---------- Entries provided ----------

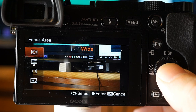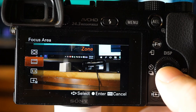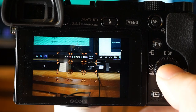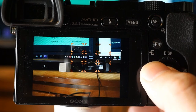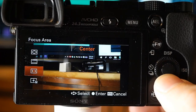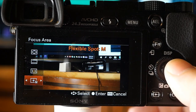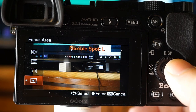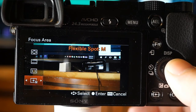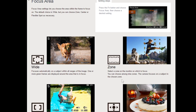Wide focuses automatically on a subject within all ranges of the image, displaying green frames around the in-focus area. Zone mode lets you select one of nine zones on the monitor to focus on, adjustable with the directional pad. Center focuses automatically on a subject in the center of the image. Flexible Spot lets you move the autofocus frame to a desired point on the screen to focus on a very small subject within a narrow area.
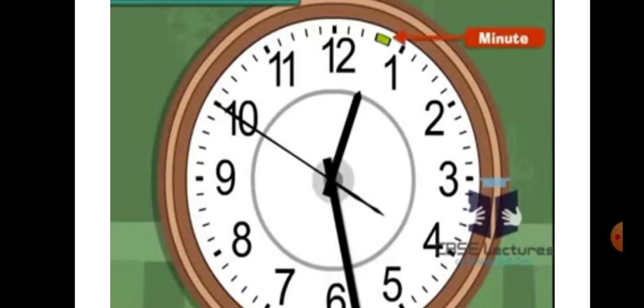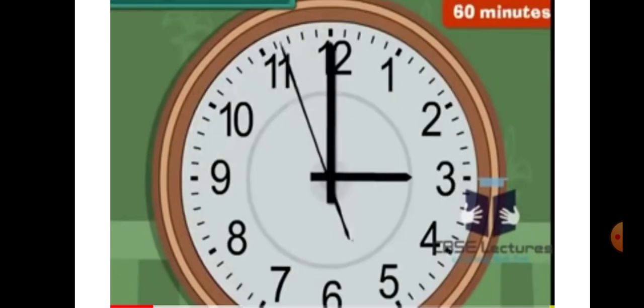If you look carefully, there are many small divisions between the numbers of the clock. There are five equal divisions between any two numbers. So the total number of such equal divisions in the clock is 60, because 12 times 5 — 12 fives are 60. Each division represents a minute.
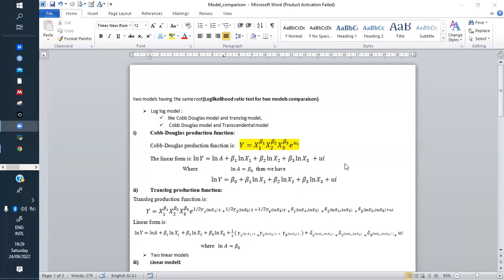Here the first example shows the Cobb-Douglas production function, and this one is the Translog production function. As you can see, they are not in linear form, so we have to linearize them. We apply the natural log, and at the end each function becomes its linearized form. That means if we have data, we have to linearize our data before doing whatever we want, and see between Cobb-Douglas and Translog which one fits best.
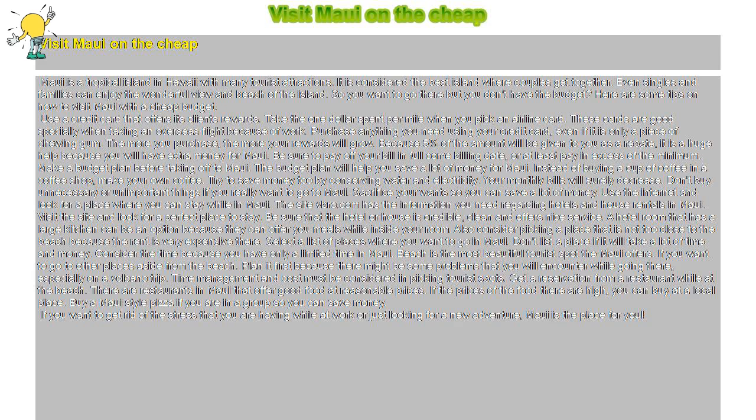Get a reservation from a restaurant while at the beach. There are restaurants in Maui that offer good food at reasonable prices. If the prices of the food there are high, you can buy at a local place. Buy a Maui-style pizza if you are in a group so you can save money.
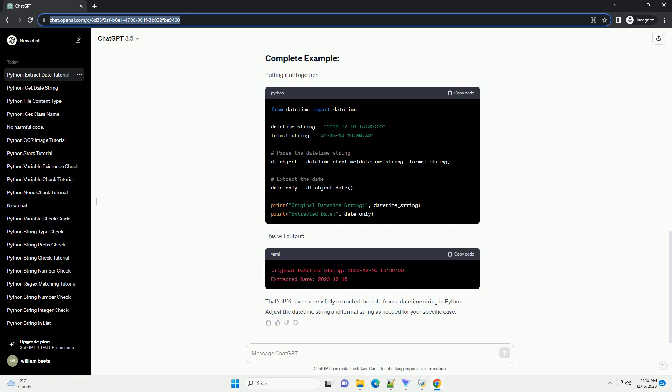Once you have the datetime object, you can easily extract the date using the date method. Now, date_only contains the date portion of the datetime object.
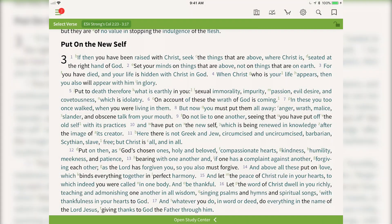I've opened up the ESV Strong's Bible here in my app and as you can see it looks just like the ESV Bible, only you'll notice that some words are a light blue color. This means that those words are hyperlinked and you can tap on any of those words to pull up definitions based on the Strong's numbers.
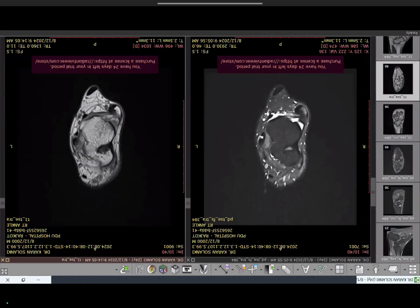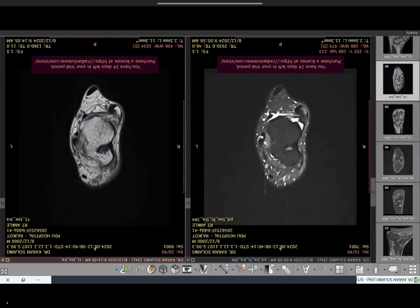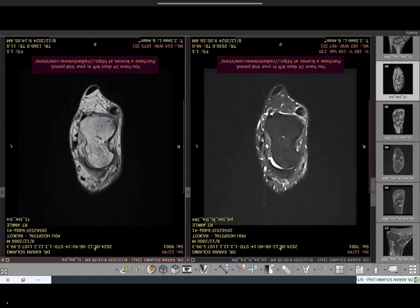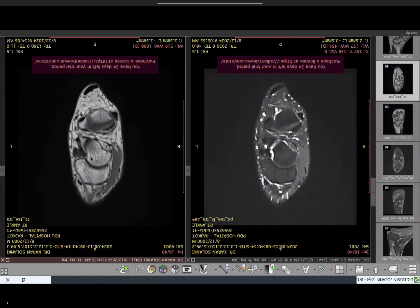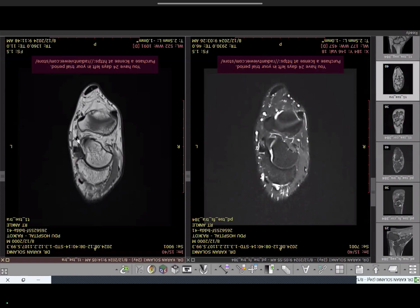At the level of the inferior band of the anterior talofibular, you can also see the posterior talofibular. It will always have some heterogeneous hyperintense appearance on PDFs sequences, but this is absolutely normal — due to the magic angle effect because of the orientation of the ligament. Coming more medially at the level of the talar neck, we see the supramedial band of your talonavicular ligament.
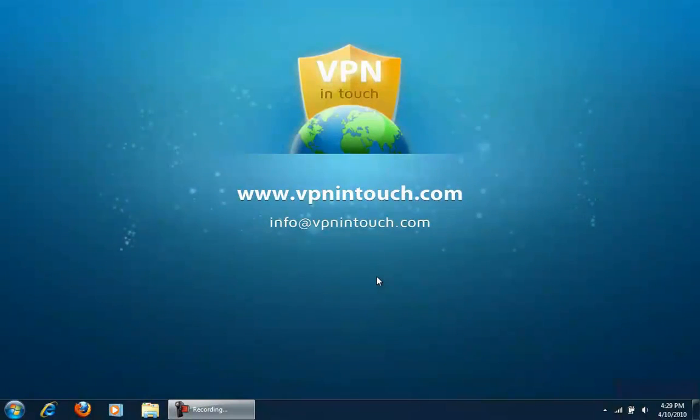How to set up VPN in touch on Windows 7 L2TP.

----------

Task brief
Your task is to copy only the lines above starting at the one containing "If you look" and ending at the one containing "Here the first". Copy them exactly, both ends included, and omit the pictures.

Finished task
If you look carefully, there are many small divisions between the numbers of the clock. There are five equal divisions between any two numbers. So the total number of such equal divisions in the clock is 60, because 12 times 5 — 12 fives are 60. Each division represents a minute.
Here the first example shows the Cobb-Douglas production function, and this one is the Translog production function. As you can see, they are not in linear form, so we have to linearize them. We apply the natural log, and at the end each function becomes its linearized form. That means if we have data, we have to linearize our data before doing whatever we want, and see between Cobb-Douglas and Translog which one fits best.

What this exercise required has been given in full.